There are other subtypes that have been defined by a data-driven cluster analysis on motor and non-motor symptomatic data. Currently, it is difficult to determine whether the cluster definition we have used is more robust or superior to other definitions. However, in a recent systematic review our paper was rated (among 25 other data-driven studies) along with two others as having the highest methodological quality and clinical applicability.2 What sets our cluster definition apart is our use of an external validation.

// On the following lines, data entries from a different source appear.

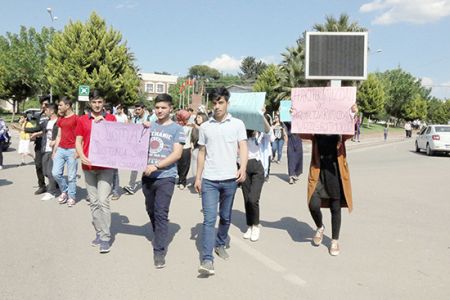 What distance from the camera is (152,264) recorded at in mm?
4668

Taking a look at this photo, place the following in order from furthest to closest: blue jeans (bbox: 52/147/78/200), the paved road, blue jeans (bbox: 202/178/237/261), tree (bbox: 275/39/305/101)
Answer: tree (bbox: 275/39/305/101), blue jeans (bbox: 52/147/78/200), blue jeans (bbox: 202/178/237/261), the paved road

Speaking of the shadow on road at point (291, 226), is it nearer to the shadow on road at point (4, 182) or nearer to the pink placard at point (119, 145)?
the pink placard at point (119, 145)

Future work is now ongoing to understand the underlying disease pathophysiology driving these different clinical clusters in early PD, and their subsequent progression. This will use a mechanistic approach comparing lysosomal, mitochondrial, inflammatory function, α-synuclein (α-syn) seeding amplification44 and α-omics profiles across the four PD clinical clusters.

The differences in genetics between these clusters lends biological validity to our data-driven clustering approach while also providing evidence that the different subtypes can inform on underlying disease mechanisms and pathogenesis, as well as informing individual disease trajectories in PD.